● **Data for the task**:
------------------------------------------------------------

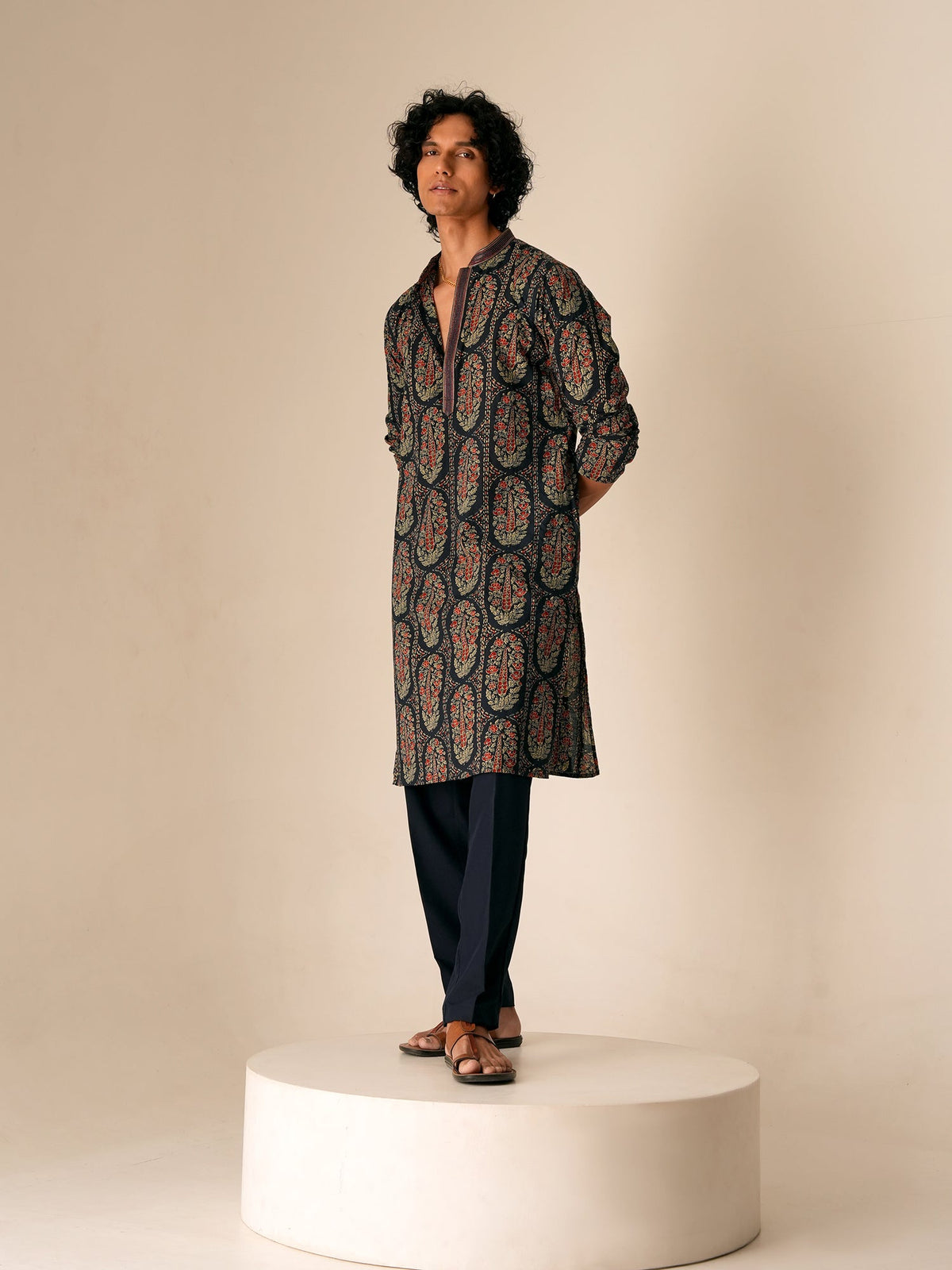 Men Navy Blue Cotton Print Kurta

------------------------------------------------------------

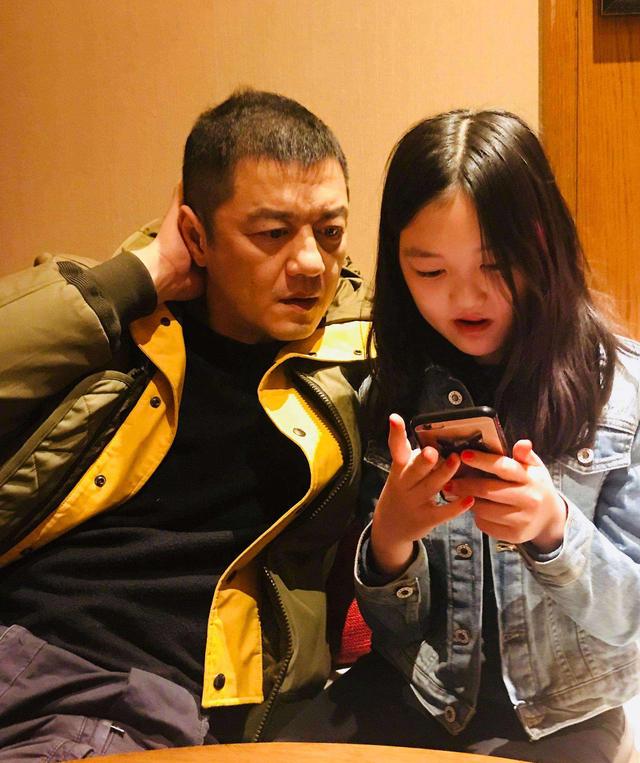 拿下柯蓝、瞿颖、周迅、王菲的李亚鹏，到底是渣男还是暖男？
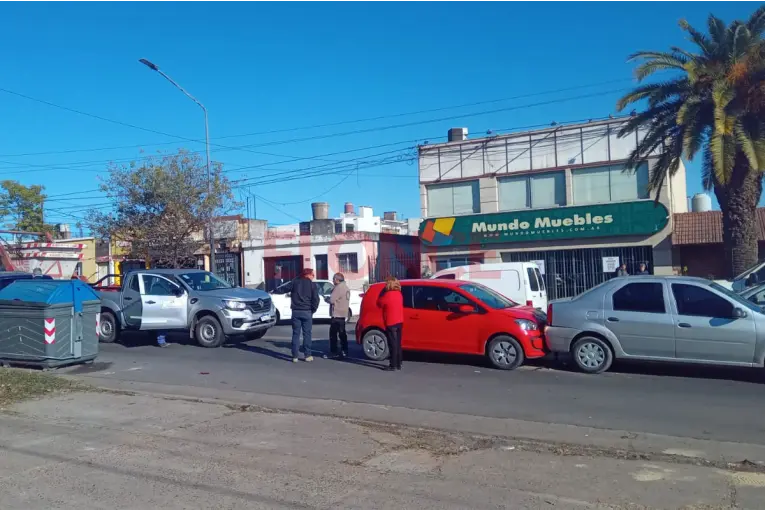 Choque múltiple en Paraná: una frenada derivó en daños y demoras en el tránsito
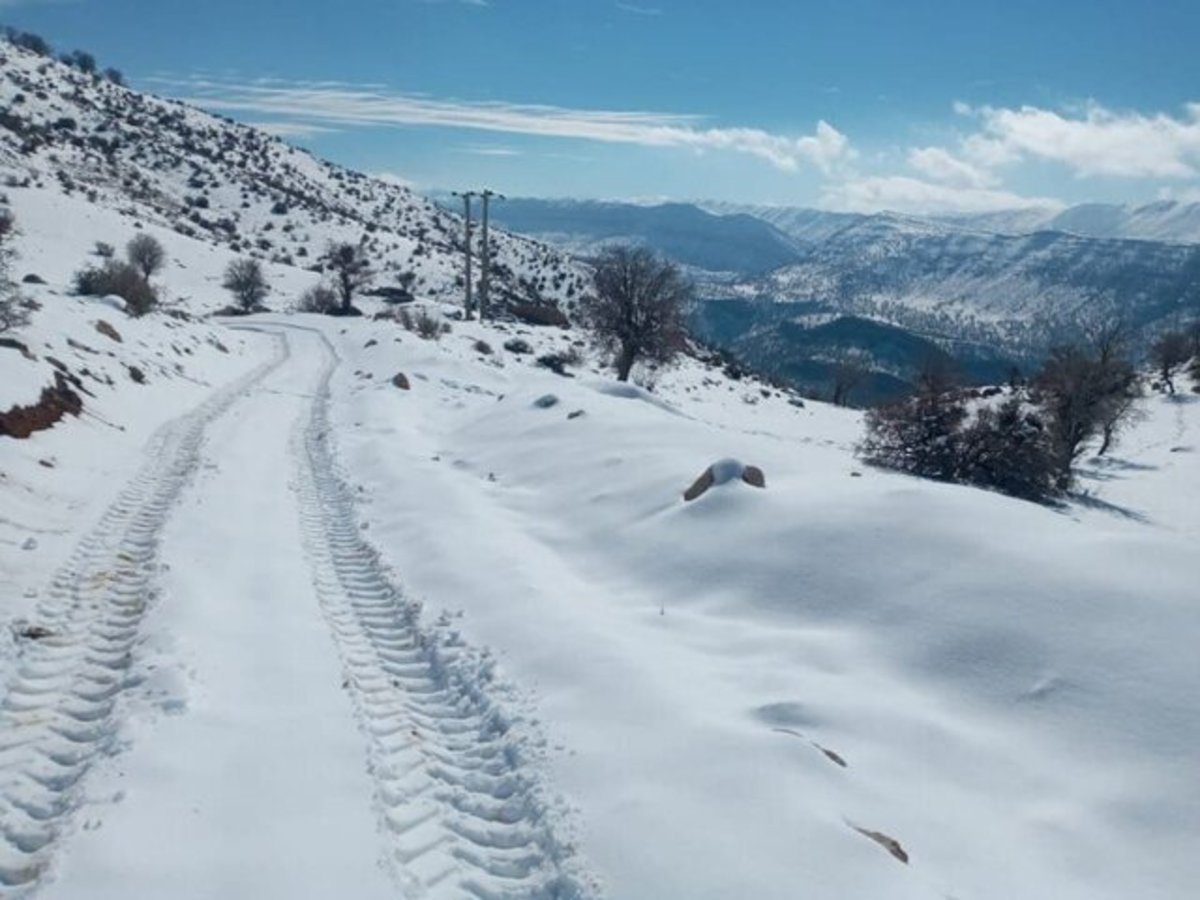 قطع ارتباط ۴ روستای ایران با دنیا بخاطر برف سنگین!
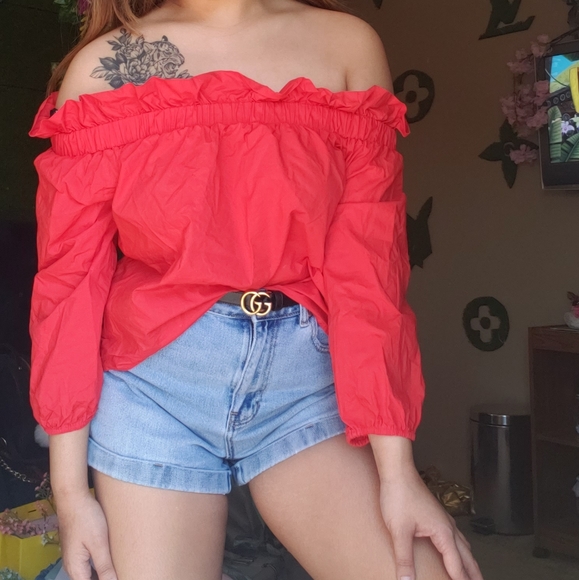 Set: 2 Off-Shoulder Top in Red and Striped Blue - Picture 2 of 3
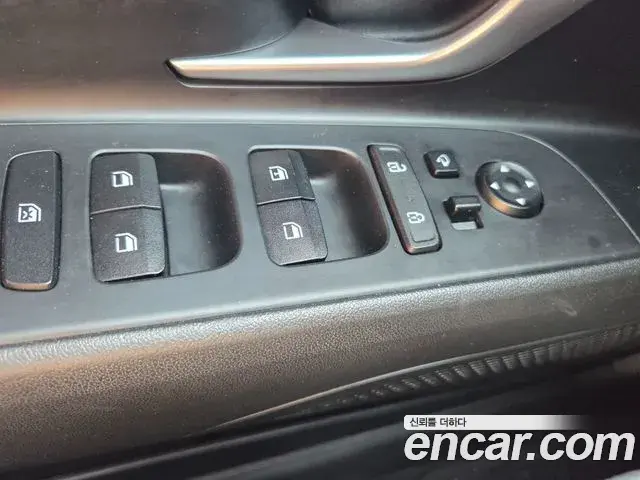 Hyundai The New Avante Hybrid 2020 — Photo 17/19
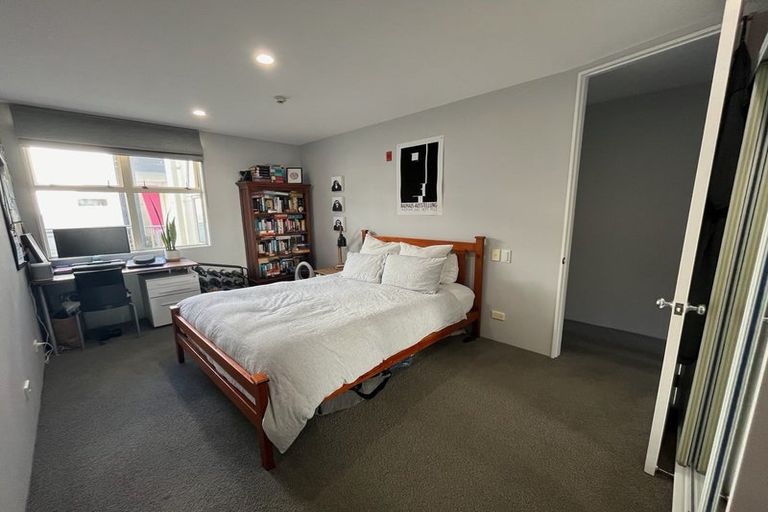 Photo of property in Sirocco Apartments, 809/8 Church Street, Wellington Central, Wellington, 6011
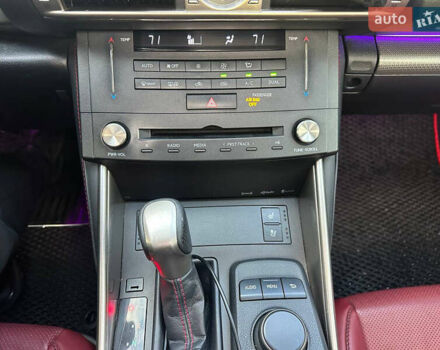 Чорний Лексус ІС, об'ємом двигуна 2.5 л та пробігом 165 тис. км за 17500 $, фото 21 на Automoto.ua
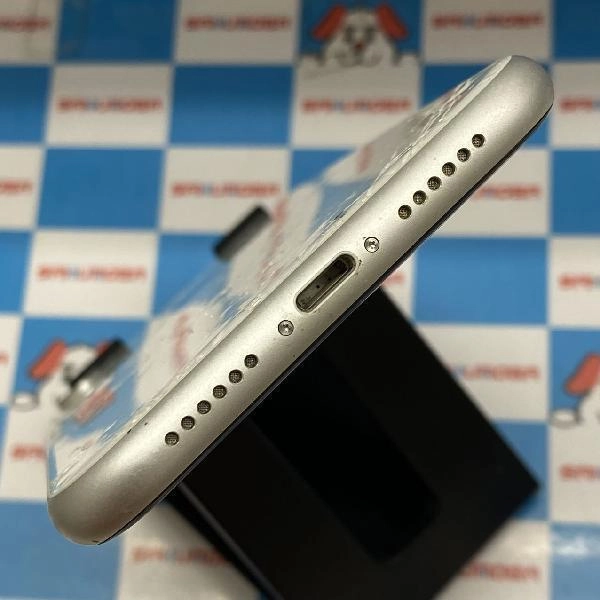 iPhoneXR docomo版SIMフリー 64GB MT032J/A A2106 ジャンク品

------------------------------------------------------------

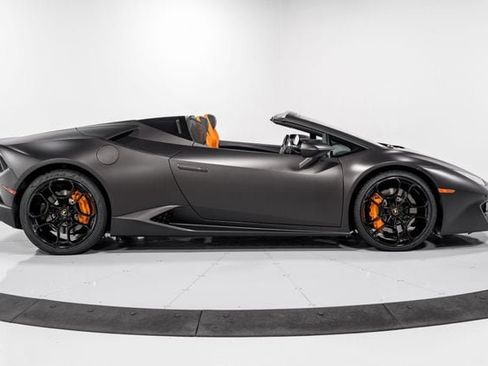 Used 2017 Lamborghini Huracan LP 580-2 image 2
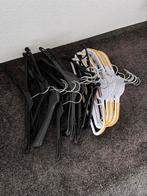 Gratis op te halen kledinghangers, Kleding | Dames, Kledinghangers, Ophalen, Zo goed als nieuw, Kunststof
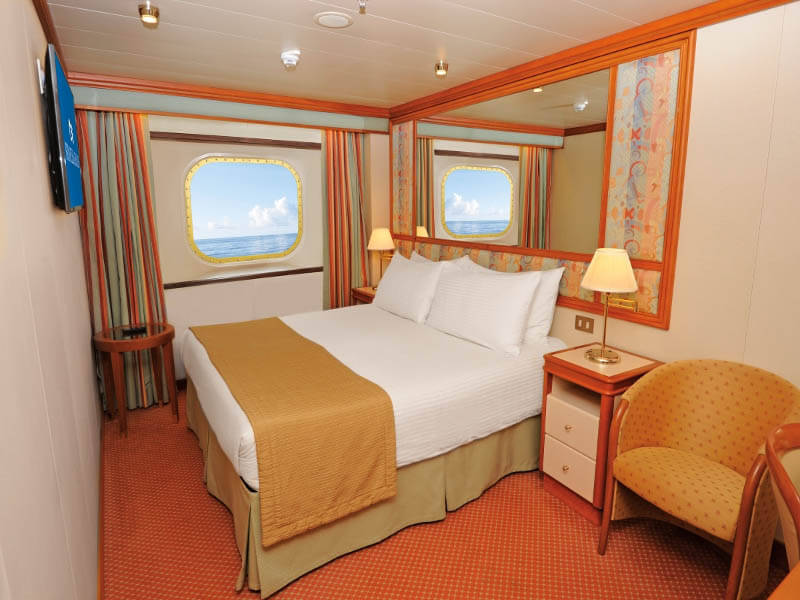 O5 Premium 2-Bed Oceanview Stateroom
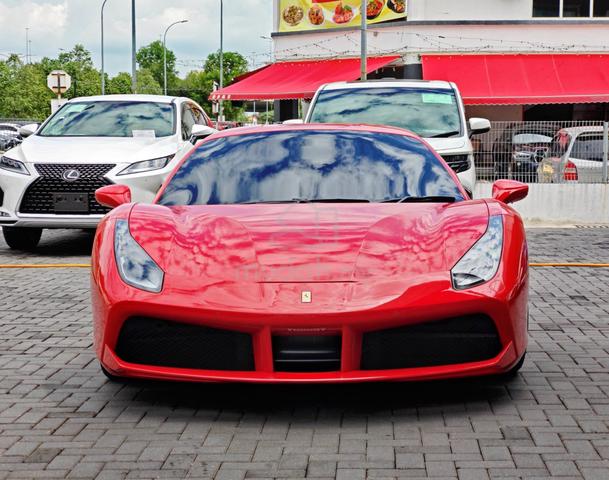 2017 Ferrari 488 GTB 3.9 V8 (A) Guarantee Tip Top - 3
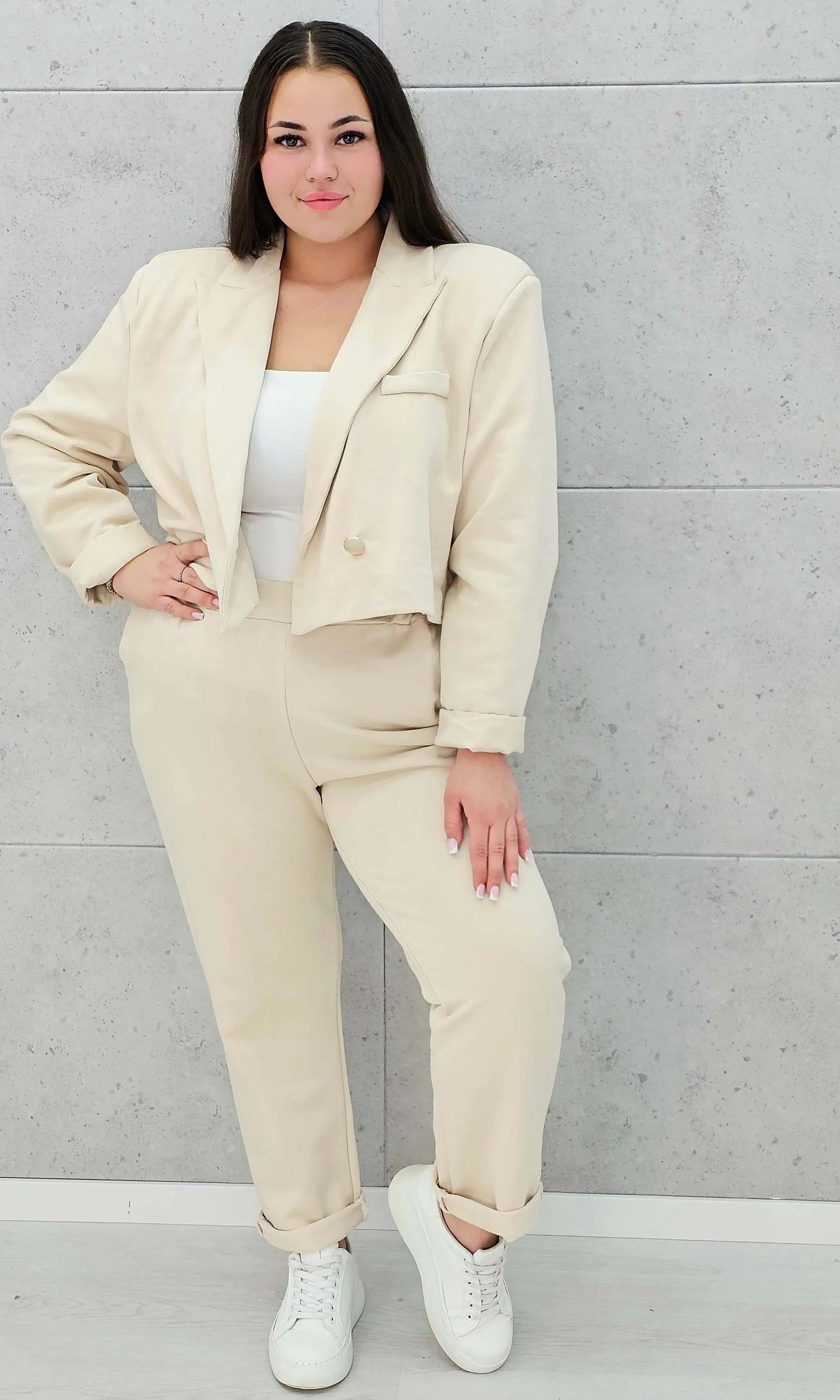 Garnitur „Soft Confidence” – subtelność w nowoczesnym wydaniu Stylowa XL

------------------------------------------------------------

Above are some entries; copy exactly the lines from the line with "قطع ارتباط ۴" through the line with "iPhoneXR docomo版SIMフリー 64GB", both included, but none of the pictures.

● **Written answer**:
 قطع ارتباط ۴ روستای ایران با دنیا بخاطر برف سنگین!
 Set: 2 Off-Shoulder Top in Red and Striped Blue - Picture 2 of 3
 Hyundai The New Avante Hybrid 2020 — Photo 17/19
 Photo of property in Sirocco Apartments, 809/8 Church Street, Wellington Central, Wellington, 6011
 Чорний Лексус ІС, об'ємом двигуна 2.5 л та пробігом 165 тис. км за 17500 $, фото 21 на Automoto.ua
 iPhoneXR docomo版SIMフリー 64GB MT032J/A A2106 ジャンク品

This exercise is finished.